That is why it is best to look for the American lumber stamps on the wood. Material gets removed from all 6 sides, just to be safe.

Crazy Roland


----------



## Kingfisher Apiaries (Jan 16, 2010)

If I were to make bottom boards out of pallets or even 1x4s from lowes would I need to rabbet the edges or would paint be sufficient?
Mike


----------



## tommyt (Aug 7, 2010)

Kingfisher Apiaries said:


> would I need to rabbet the edges or would paint be sufficient?
> Mike


 Walk to school or Carry your Lunch

Tommyt


----------



## rwurster (Oct 30, 2010)

My solid bottom boards are made out of plywood that has been painted and cut exactly to the size of my hives, no rabbets. I use top entrances. I would however make hive stands and bottom entrance style bottom boards out of pallet ribs if I used them.


----------



## zumbrovalleybees (Dec 8, 2010)

I have made 2500 deep frames from old pallets. Its alot of work but I saved the cost of the frames. About $2300 dollars. My end bars, bottom bars, and top bars are thicker and sturdier than any you will find from suppliers. I will have made enough equipment this winter for 50 hives by scavenging. Didn't cost me a dime. I could sit in front of a TV or spend my time on Beesource and not get anything done or I could work in the shop 2 hours a night.


----------



## Ian (Jan 16, 2003)

>>I could sit in front of a TV or spend my time on Beesource and not get anything done or I could work in the shop 2 hours a night. <<


hahahahahahaha I love it !
I completely agree,
its how we start from the bottom


----------



## zumbrovalleybees (Dec 8, 2010)

I don't break them down. Too much work. Cut the slats out with a chainsaw or circular saw. Burn the rest in your woodstove. Once you have the slats cut out, cut to length, rip for width, dado the ends( if making side bars for frames ). Alot of work and time consuming but my hives are made entirely by me. Theres alot of satisfaction to that not to mention the amount of money I have saved.


----------



## Kingfisher Apiaries (Jan 16, 2010)

tommyt said:


> Walk to school or Carry your Lunch
> 
> Tommyt


Just now got back to this thread....what i was getting at is this. Will the paint fill up the cracks between boards and therefore sealing them off or is rabbeting totally necessary to keep water out of the hives?


----------



## quevernick (Feb 22, 2011)

I've made bottom boards, hive bodies, and frames out of Pallet wood. The wood you get from Pallets varies widely. After getting apart I separate out each piece by width. Anything around 3/4 gets used for making hive bodies, around 5/8 gets used for Top pieces for frames, and anything smaller gets used for bottom boards.


----------



## psfred (Jul 16, 2011)

Top covers must be waterproof, else you will find your bees die from cold water showers or simply abandon the hive for better quarters. Bottom boards do not need to be completely watertight, but tongue and groove boards will keep more small critters out than cracks between the boards. Paint will not seal cracks as the wood expands and contracts with water content changes during the year.

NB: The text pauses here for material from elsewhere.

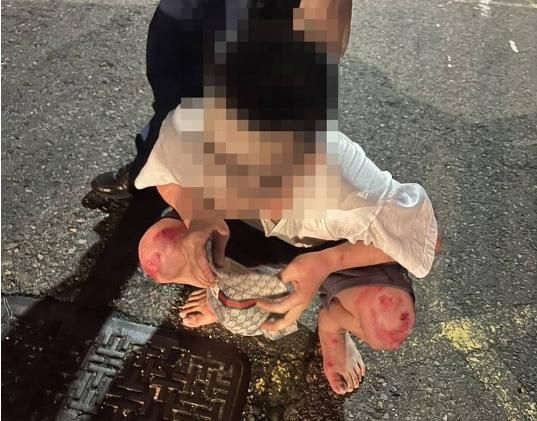 靠一雙長腿成功「銬」住他！高雄猛女警狂追200米　飛撲壓制通緝犯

Pallets are not made of quality lumber most of the time, so you may only get firewood, but if the top and bottoms are decent wood with no cracks or splits they can be used for inner covers and things like that. The ribs are usually better, but too narrow for most beehive parts other than bottom board sides.

Peter


----------



## EastSideBuzz (Apr 12, 2009)

zumbrovalleybees said:


> I could sit in front of a TV or spend my time on Beesource and not get anything done or I could work in the shop 2 hours a night.


 Amen brother. I work in the shop 2 hours every day for my bee's and I mean every day and then most saturdays and sundays and some week days. Expansion is a lot of work.

I use Pallets for Pallets. Add a few cleats and I have locking 4 ways. I go to construction sites and take some 2x4 scrap etc. You only need 22 inches long anything so scrap works great. burn the rest= Heat.


----------



## Beregondo (Jun 21, 2011)

0


sqkcrk said:


> Start w/ junk, end up w/ junk. Isn't there something sows' ears and silk purses?


In general I'd agree with you, Mark.

I have used pallet slats for a lot of things in the past. If you are selective about what you use and what you cull it can be a good resource. 
It is true that you get what you pay for. If you don't pay for serviceable wood with money or trade, you will surely pay for it in time spent in selection and culling.

But if you are more rich in time then in money, it can be well worth the price!


----------



## w7rms (Jan 12, 2007)

Pallet wood tends to have lot of dirt and grit embbeded in it. It can be really hard on saw blades and especially planer knives.


----------



## quevernick (Feb 22, 2011)

Pallet wood definately takes more time. First you have to break apart the pallets either with a saw or crow bar and hammer. Then you have to sort through the wood you've gotten and then you almost inevitably have to work around flaws in the wood. Regular Lumber is infinitely easier to work with however if you have no money to buy lumber with Pallet wood is a viable option. If it wasn't for Pallet wood and scrap lumber I would maybe have 2 hives at most. Whereas now I have about 8 hives waiting for bees and probably enough wood for another 8 hives or so. I do have a lot of time to spend on scrounging together hives though. If I did have a reliable source of income I would spend it on good lumber


----------